My dad and I agreed that it's a familiar expression, and we'd never heard anyone using the wrong word in it, that would sound bizarre, why is there even a thread about this. But it turned out we disagreed on which word is the right one. The usage in the wild is definitely mixed (it skews "thing" in Google web search, "think" in n-gram books search), and he and I apparently each inferred one correct usage, and assimilated the other one to it, without even noticing the mixedness. Yay language.

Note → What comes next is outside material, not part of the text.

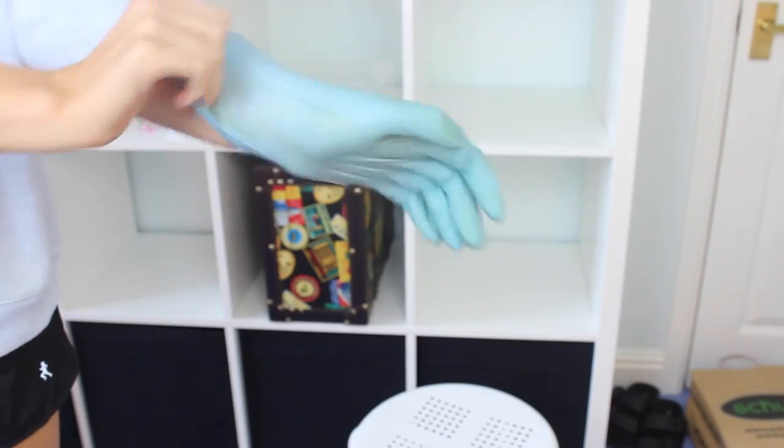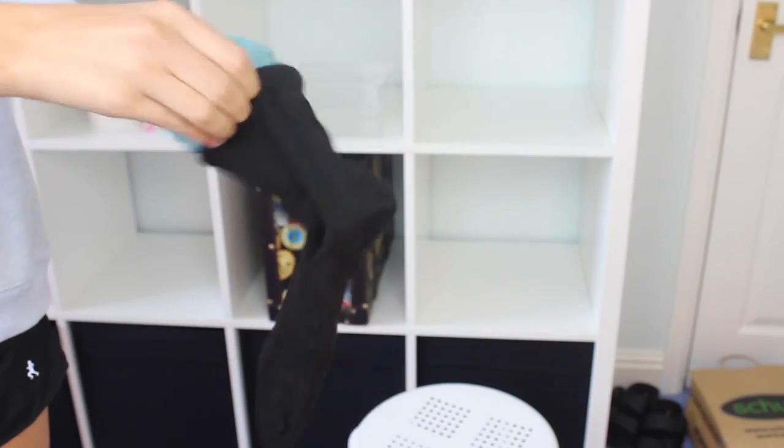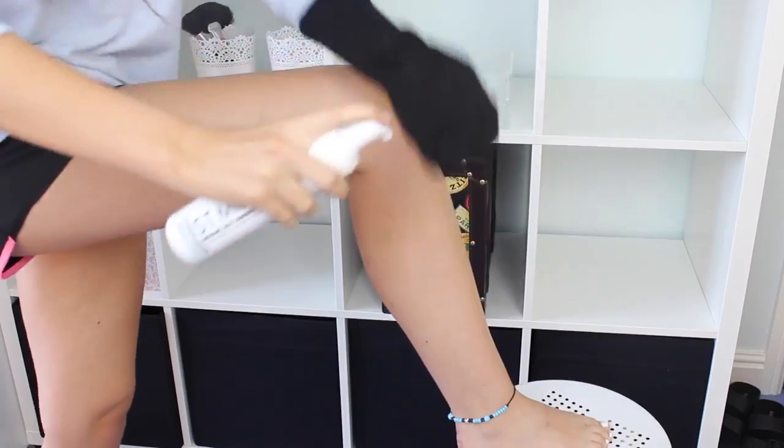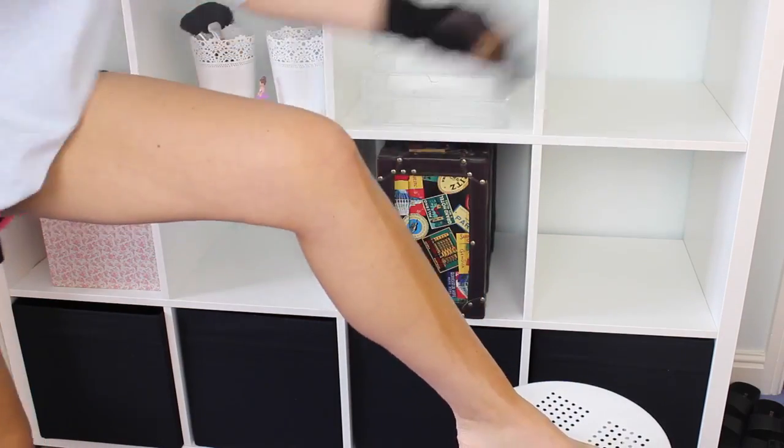So when I apply the tan, I don't actually use a mitt. What I do is I put a glove on so the tan doesn't stay in my hands, and then I use a sock instead of a mitt. That's because I had a mitt and then I tried to wash it and it like melted and got all misshapen and was not usable anymore.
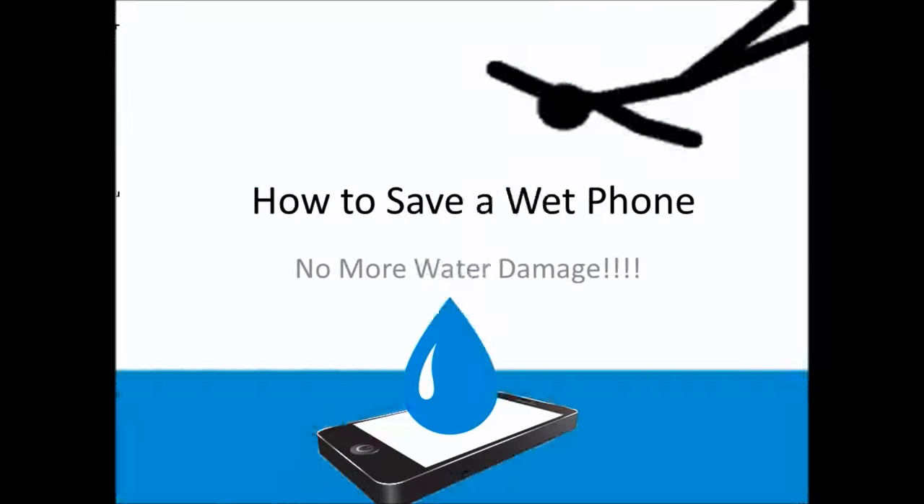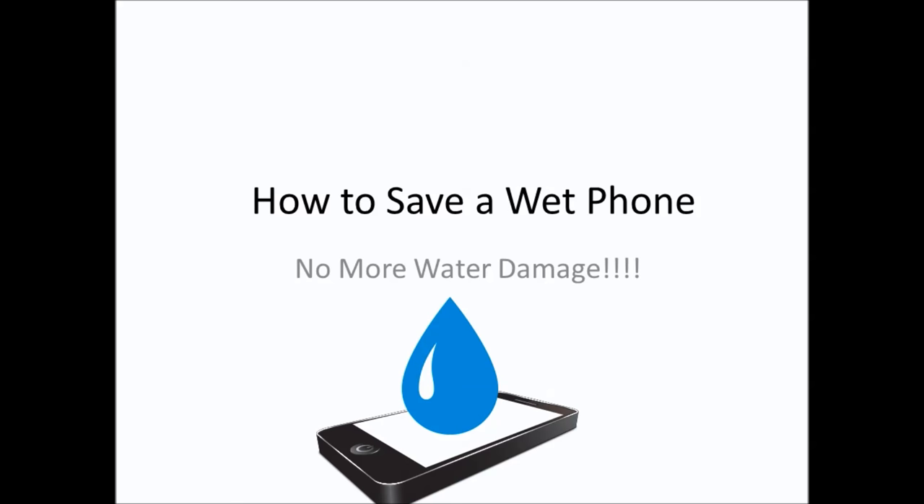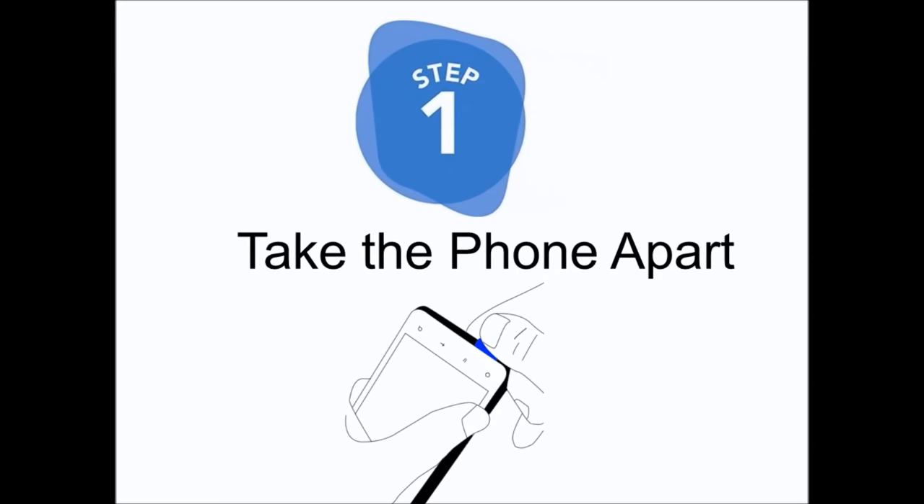Hi! Welcome to Lala's World. Today we will be talking about how to save a wet phone and get rid of water damage.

(Historically, the "think" version appears to have come first as a stock phrase, carrying a "comically unusual grammar" flavor. The "thing" probably came from rationalizing it, and a small phonetic step given that the doubled /k/ sound in "think coming" is commonly reduced. (The OED2 has an earlier cite for "thing", but since its publication they have pushed "think" earlier.))

[personal profile] hattifattener 2011-08-29 07:38 am (UTC)(link)
I've always heard (well, seen) "think", have only seen "thing" in casual internet usage and I consider "thing" to be wrongity wrong and nonsensical. The One True Idiom ("think") makes perfect sense— using "think" as a noun here is the kind of minor wordplay that, istm, is common in this kind of phrase— but the False Heretical Corruption ("thing") makes no sense. Why would you say "another thing" without a previous thing as a referent? Why would an 8-foot-tall Wookiee live on a planet of 2-foot-tall Ewoks? This does not make sense! You must acquit.